L’uomo e la maschera. Non mi sembra proprio che la buon’anima di Totò abbia bisogno di questi “riconoscimenti” fatti soprattutto per gratificare il narcisismo di chi li propone. Meglio tornare a confrontarsi con chi, prima delle mode e delle “rivalutazioni”, aveva capito dove stava la genialità di Totò e l’aveva analizzata con intelligenza e passione.

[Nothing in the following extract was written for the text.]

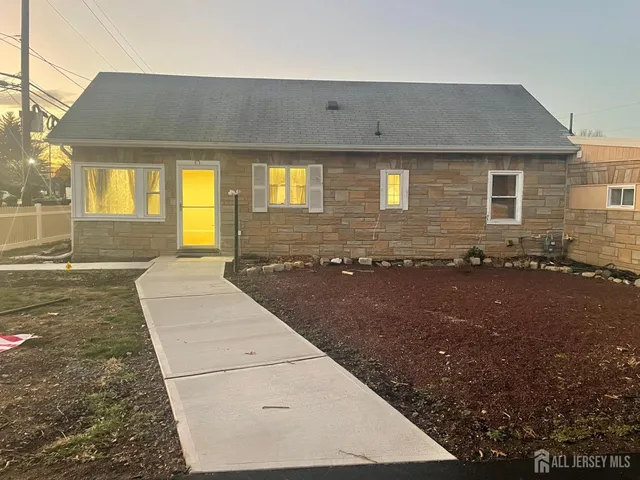 $2,700 | 1515 Thomas Avenue, North Brunswick, NJ 08902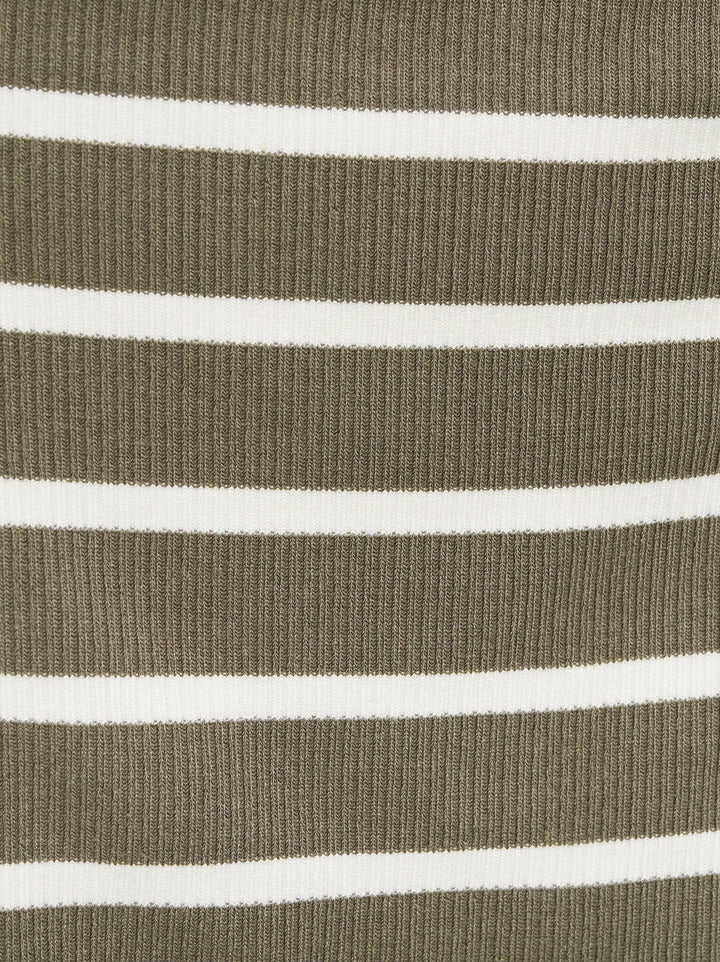 Moudda PULL & BEAR - Tee shirt - Tunisie 2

Come Goffredo Fofi che insieme a Franca Faldini ( l’ultima compagna dell’attore) ha scritto un libro imprescindibile sull’argomento, Totò: l’uomo e la maschera, appena rieditato da minimum fax ( pp. 404, 16 euro), dove i ricordi privati si mescolano a un’antologia dei suoi lavori teatrali, alle
testimonianze dei tanti che l’avevano apprezzato già in vita ( da Eduardo e Peppino de Filippo a Isa Barzizza, Dario Fo, Pasolini, Fellini e tanti altri ancora) fino al saggio fondante Totò e Pulcinella in cui Fofi fa piazza pulita dei tanti equivoci sul personaggio e ne ribadisce le qualità e i meriti. A questo testo illuminante se ne aggiunge adesso un altro, altrettanto risolutivo: è Totalmente Totò dove Alberto Anile riversa le ricerche di una vita ( aveva già scritto due libri sui suoi film pubblicati da Le Mani) per proporre non una semplice biografia ma un viaggio nel pianeta Totò che seguendo il percorso cronologico usa le opere per raccontare la vita e viceversa. Pubblicato dalla Cineteca di Bologna ( pp. 384, 18 euro) e arricchito da alcuni interventi critici poco conosciuti ( tra cui un’intervista di Maurizio Ponzi per i Cahiers du Cinéma che smentisce il luogo comune di un Totò sconosciuto all’estero), il volume è preziosissimo quando ripercorre la carriera dell’attore d’avanspettacolo, tra gli anni Venti e Trenta, esperienza decisiva nella formazione della maschera di Totò insieme all’influenza del futurismo, delle farse pulcinellesche e delle commedie scarpettiane. Ma è non meno utile quando ripercorre titolo dopo titolo la lunga carriera cinematografica, dal primissimo provino per la Pittaluga ( era il 1930, ma il progetto di film non andò in porto) fino al superlavoro negli anni Cinquanta, quando il suo nome divenne una manna per il botteghino e i produttori facevano a gara ad accaparrarselo. E poi gli incontri con Orson Welles, Soldati, De Sica, Monicelli, Steno, Lattuada, Pasolini, fino all’unico giorno di lavoro sul set del Padre di famiglia di Nanni Loy, prima che una « spaventosa serie di infarti » lo rubasse al suo pubblico.